George W. Bush always liked to say that he would let history judge his presidency. He didn’t mention, however, that history would be re-written by his vice president, Dick Cheney. Cheney has promised that “heads will explode” in Washington as a result of his explosive new memoir, “In My Time,” and early returns suggest that he may be right. Early leaks from Cheney’s memoir — officially released today — include several anecdotes that range from surprising to almost-certainly inaccurate.
-According to the New York Times, Cheney was surprised and disappointed by President Gerald Ford’s 1974 decision to grant his disgraced predecessor Richard Nixon a “full, free, and absolute pardon” for his crimes. Cheney’s views on presidential pardons had clearly evolved by the end of Bush’s second term, when he publicly slammed the President’s refusal to pardon his friend and former Chief of Staff Scooter Libby.
-Cheney’s book criticizes the nation for failing to live within its means, while failing to point out that the Bush Administration ran up record deficits during its two terms.

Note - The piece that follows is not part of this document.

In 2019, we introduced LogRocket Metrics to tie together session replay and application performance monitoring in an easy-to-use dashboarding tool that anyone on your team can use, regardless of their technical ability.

While in office Cheney tried to argue that “deficits don’t matter;” now that a Democrat is in office, however, Cheney has walked back those comments, writing that “of course deficits matter,” but they must be seen “in context.” How he explains the context that led him to support two wars, huge tax cuts, and a massive Medicare expansion remains to be seen.

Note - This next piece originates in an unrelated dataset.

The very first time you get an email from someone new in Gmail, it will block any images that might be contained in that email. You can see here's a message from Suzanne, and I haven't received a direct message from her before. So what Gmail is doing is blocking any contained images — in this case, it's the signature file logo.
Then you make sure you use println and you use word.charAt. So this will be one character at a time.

-Cheney writes that the day that he shot Harry Whittington in a hunting accident was “one of the saddest of [his] life,” and that he was “deeply sorry” for shooting Whittington in the face. This doesn’t explain why Whittington publicly apologized to Cheney for the incident, instead of the other way around. Nor does it clarify why the incident wasn’t reported for 18 hours, why the White House initially claimed (falsely) that the two acquaintances were old hunting pals, or why the White House initially blamed Whittington for the accident.
-Cheney vehemently opposed the idea of President Bush apologizing for falsely claiming that Saddam Hussein had sought large quantities of uranium from Africa. Furthermore, he told Today‘s Matt Lauer that he thinks the Iraq war “was sound policy that dealt with a very serious problem and eliminated Saddam Hussein from the kind of problem he presented before…[a]t the time, to go after Saddam Hussein and take him down, we eliminated a major source of proliferation.” Considering that absolutely no weapons of mass destruction have been found in Iraq, one has to wonder what Cheney thinks we stopped Saddam Hussein from proliferating.

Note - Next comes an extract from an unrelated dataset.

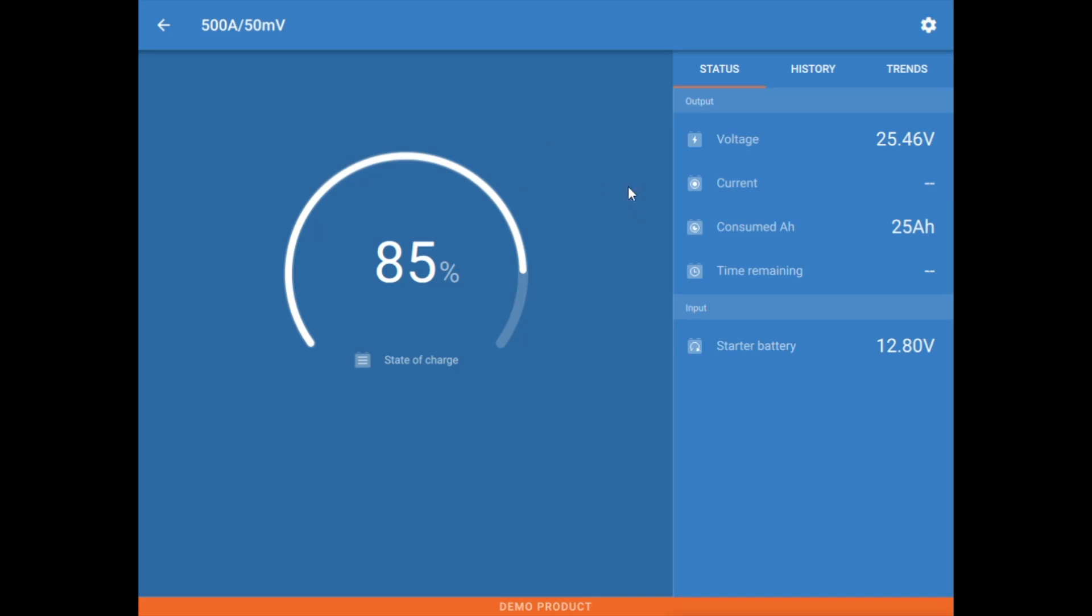Starting off here in the center is your battery percentage number. Over here on the status to the right, we have our current battery voltage, how much current is leaving the system at this moment, our consumed amp hours, so how much energy have we consumed in this charge cycle. Time remaining until we hit our discharge floor, which we'll talk about a little bit more in detail later. And then our starter, our secondary voltage measurement here.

-Cheney is similarly unapologetic about “enhanced interrogation tactics” such as waterboarding. He acknowledged that he would object to the use of waterboarding on an American citizen, but when asked if America’s use of the technique was a double standard Cheney replied “these are not American citizens.” Cheney should look up the definition of the term “double standard.”
-“In My Time” relates one particular anecdote that clearly rewrites history. Cheney recounts President Bush’s renewal of the Terrorist Surveillance Program, which then-Attorney General John Ashcroft had decided was illegal. Coincidentally, Ashcroft was seriously ill and in the hospital while the debate unfolded.
“Cheney’s version of this story adds a stunning twist: Ashcroft told Bush on the phone, before Gonzales and Card arrived, “that he would sign the documents” to certify the surveillance as lawful. But the two men found [Deputy Attorney General James] Comey there when they arrived, Cheney writes, and “it became immediately clear that Ashcroft had changed his mind.” Only then, Cheney suggests, did the White House aides learn that Ashcroft “had delegated all the responsibilities of his office to the deputy attorney general.”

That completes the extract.